Emery instinctively raised her chin in silent defiance, but her pride was gone in a strike of Yssir’s hand. A sharp twinge of pain pricked her skin and a red blotch emerged. Emery stumbled to the side, groaning and rubbing her cheek.

“Rat on fire,” Hruod sounded behind him, walking through Emery’s flames. The meaty muscles on his arms flexed, clearly visible despite layers of woolen winter clothing. He eyed her up and down, astonished. “Yet not even close to death.”

Emery glanced at the position of the barrels. Her eyes followed an invisible line in the snow, her footsteps and the direction of the barrels leading precisely to the spot where the gutter had broken in her hands. Now, the metal was blackened and crumpled. 

She returned to face the two men, only now there were more than two of them.

Emery swallowed. Yssir held her by the neck. “There’s someone who wants to see you.”

One of them men behind him was wearing a dark blue Norian uniform, but it looked wrong.  And it was, because in the next moment they were running from the real soldiers—Emery running with the rogues.

Yssir’s band of thieves had tricked her. Pretend soldiers ran on each side of her, confusion settling deep into her face. She was sure of only one thing: they were leading her into a trap, and she couldn’t do else but run straight into it.

It was either Yssir’s claws or the King’s dungeons.

Yssir yelled over the clamor on the square. “Someone warned the King’s guard!”

Hruod looked at him. He narrowed his eyes, glancing over his shoulder and yelled back, “It’s the new fellow! I never much liked him.”

Emery was caught between them, trying to ignore their back and forth shouting. But they suddenly stopped running, and she saw her chance. Pulse jumping and heat rising to her head, she leaped on top of a snow boulder. She reached for the roof, but a hand pulled her down by her hood. The cloak choked her and her hands couldn’t reach the roof’s edge. Her feet slipped on the icy snow. She fell back, flailing her arms. 

Emery threw one leg out to keep from hitting the ground, but a man pushed her down. Her head slammed into the snow, a moan escaping her lips. All she could see was a darkening sky, sun overclouded by a black, inky mist. Screams erupted again. Then footsteps pounded beneath her, but they weren’t hers.
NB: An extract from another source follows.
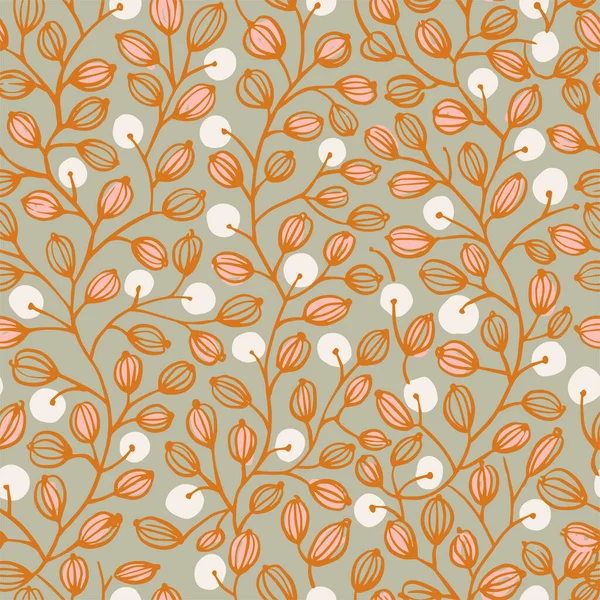 Vector Small Leaf Seed Illustration Seamless Repeat Pattern Fashion Home — стоковый вектор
A screeching roar speared her head, coming from her veins.

Her blood called out to his, and his called out to hers. A sizzling, buzzing sound filled her head, painfully loud.

She looked over the arms carrying her. A strange, scarred, dark face above her breathed heavily into the hood covering most of his face. 

“Let me down!” Her words were slurred and nothing happened, but then she kicked and writhed herself free. The man groaned and Emery landed in a squat of all fours, the world slowly coming back into focus.

Yssir took long strides toward her, commanding Hruod over his shoulder, “Deal with him.”

Hruod charged toward the man that had carried Emery, and as Yssir came to a halt in front of her, she dashed out of his reach, running up the snowy street as fast as her scorched legs carried.